Gli Usa e l’Iraq. Il “rapporto Baker” visto dalla stampa americana.

A cura di Salvatore Innacolo

 

 

 

 

Per risolvere ì problemi dell’Iraq non esiste una <<formula magica>>. Inizia così il rapporto che i dieci membri dell’Iraqi Study Group (noto come commissione Baker-Hamilton) hanno presentato ieri mattina alla Casa Bianca (in data 6 dicembre 2006) secondo quanto riferito dal quotidiano Chicago Tribune (www.chicagotribune.com).  

Il documento è titolato <<The Wai Forword>> (la strada da percorrere), e suggerisce al presidente Bush una serie di mosse per <<migliorare la situazione>>, raggiungere l’obiettivo di un Iraq in grado di <<autogovernarsi e autodifendersi>>, continuare a proteggere <<gli interessi degli Stati Uniti>>.Lo stesso quotidiano scrive che la commissione ritiene “Al Qaeda responsabile solo per una piccolo porzione della violenza in Iraq”. La più grande minaccia alla sicurezza viene dai gruppi di guerriglieri che tengono la nazione alle <<prese di un ciclo mortale>>.”L’approccio corrente non sta funzionando”, dice il democratico Lee Hamilton co-presidente dello Study Group.

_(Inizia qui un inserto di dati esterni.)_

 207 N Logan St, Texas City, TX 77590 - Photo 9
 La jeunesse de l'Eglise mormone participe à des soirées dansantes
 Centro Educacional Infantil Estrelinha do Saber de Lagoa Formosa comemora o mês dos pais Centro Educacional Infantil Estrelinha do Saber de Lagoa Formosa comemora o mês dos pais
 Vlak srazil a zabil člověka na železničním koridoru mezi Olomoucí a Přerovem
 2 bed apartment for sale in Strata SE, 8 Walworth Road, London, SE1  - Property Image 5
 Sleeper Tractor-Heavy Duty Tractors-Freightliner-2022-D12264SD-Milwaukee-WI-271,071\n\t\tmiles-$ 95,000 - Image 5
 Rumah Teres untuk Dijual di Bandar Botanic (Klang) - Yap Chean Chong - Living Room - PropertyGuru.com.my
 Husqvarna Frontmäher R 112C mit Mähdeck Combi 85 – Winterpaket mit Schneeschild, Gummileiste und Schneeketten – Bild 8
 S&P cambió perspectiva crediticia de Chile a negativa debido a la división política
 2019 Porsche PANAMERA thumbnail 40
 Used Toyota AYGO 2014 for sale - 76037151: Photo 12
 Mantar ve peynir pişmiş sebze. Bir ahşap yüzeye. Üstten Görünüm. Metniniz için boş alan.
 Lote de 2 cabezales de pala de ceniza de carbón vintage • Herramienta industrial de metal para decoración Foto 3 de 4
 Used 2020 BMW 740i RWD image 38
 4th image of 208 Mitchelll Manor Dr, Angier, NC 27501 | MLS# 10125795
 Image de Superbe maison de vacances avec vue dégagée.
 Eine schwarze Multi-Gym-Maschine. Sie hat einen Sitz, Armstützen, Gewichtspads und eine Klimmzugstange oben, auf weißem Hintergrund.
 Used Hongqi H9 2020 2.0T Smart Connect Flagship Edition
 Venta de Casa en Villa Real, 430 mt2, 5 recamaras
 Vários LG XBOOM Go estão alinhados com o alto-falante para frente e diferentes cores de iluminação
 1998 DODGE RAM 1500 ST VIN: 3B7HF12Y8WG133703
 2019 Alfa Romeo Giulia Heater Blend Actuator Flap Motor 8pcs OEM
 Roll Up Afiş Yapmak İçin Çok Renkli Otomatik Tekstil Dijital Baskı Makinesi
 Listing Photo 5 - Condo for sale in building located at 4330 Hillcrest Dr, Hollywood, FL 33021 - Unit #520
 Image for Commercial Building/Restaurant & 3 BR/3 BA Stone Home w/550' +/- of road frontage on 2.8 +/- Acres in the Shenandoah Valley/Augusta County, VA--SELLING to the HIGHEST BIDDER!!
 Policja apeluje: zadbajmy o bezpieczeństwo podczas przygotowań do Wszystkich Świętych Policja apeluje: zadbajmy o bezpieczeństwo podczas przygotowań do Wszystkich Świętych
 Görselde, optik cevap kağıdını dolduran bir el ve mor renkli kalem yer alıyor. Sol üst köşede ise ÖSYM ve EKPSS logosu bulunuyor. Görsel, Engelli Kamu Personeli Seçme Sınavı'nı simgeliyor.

Il Detroit News (www.detnews.com) scrive che la <<missione primaria>> dei soldati USA deve cambiare radicalmente e il più presto possibile: non più forze combattenti ma forze di appoggio con il compito di <<fornire aiuto>> all’esercito di Bagdad. Uno dei punti principali riguarda l’azione diplomatica, che deve essere “ampia” e và lanciata subito <<entro il 31 dicembre 2006>>. L’obiettivo – riferisce il quotidiano USA Today (www.usatoday.com) – è quello di creare un <<Iraq International Support Group>> che preveda la partecipazione degli Static he confinano con l’Iraq e degli altri stati del Golfo interessati alla stabilità regionale. A questo gruppo dovrebbero far parte anche i cinque membri permanenti del Consiglio di Sicurezza dell’Onu (Usa, Francia, Gran Bretagna, Russia e Cina), l’Unione Europea e altri paesi che hanno rilevanza a livello internazionale come Germania, Giappone e Corea del Sud.

 Il New York Times (www. nytimes. com), afferma che il gruppo di studio sll’Iraq guidato dal repubblicano James Baker e dal democratico Lee Hamilton è favorevole a negoziati diretti con l’Iran e la Siria, alla riduzione graduale delle truppe statunitensi e alle pressioni sul governo iracheno affinchè assuma il controllo della <<sicurezza>>. Inoltre, lo stesso gruppo considera la soluzione del conflitto tra israeliani e palestinesi indispensabile per la pace in Iraq. Il quotidiano Miami Herald (www.miamiherald.com) riferisce che si tratta di un documento nella migliore tradizione bipartisan, il cui contenuto è stato accolto dalla Casa Bianca con sorrisi di circostanza ma con la consapevolezza che nelle sue 160 pagine è racchiuso e documentato il fallimento della strategia del presidente USA, di Cheney e di Rumsfeld nel paese del Golfo. Un rapporto non facile da digerire per Bush il quale ha dovuto ammettere che contene un <<giudizio molto duro>> sulla situazione in Iraq.

Il New York Daily News (www.nydailynews.com) in data 7 dicembre 2006 ha scritto che anche se ha ragione Baker nel ritenere (<<Non esiste una formula magica per l’Iraq>>), il presidente Bush dovrà trovare una reale <<exit strategy>> da proporre al Congresso e all’America. <<L’amministrazione Bush deve considerare nuovi approcci, e il Congresso dovrà essere un partner costruttivo>>. Intervistato dal quotidiano Washington Post (www.washingtonpost.com), il segretario generale delle Nazioni Unite Kofi Annan ha dichiarato che la situazione in Iraq è “peggio di una Guerra civile”. Secondo Annan, la violenza si è aggravata rispetto all’epoca di Saddam Hussein e la maggioranza degli iracheni vive peggio rispetto ad allora. Il segretario generale ha proposto di organizzare una conferenza internazionale sull’Iraq, ma l’idea è stata <<bocciata>> dal primo ministro iracheno Muri al Maliki.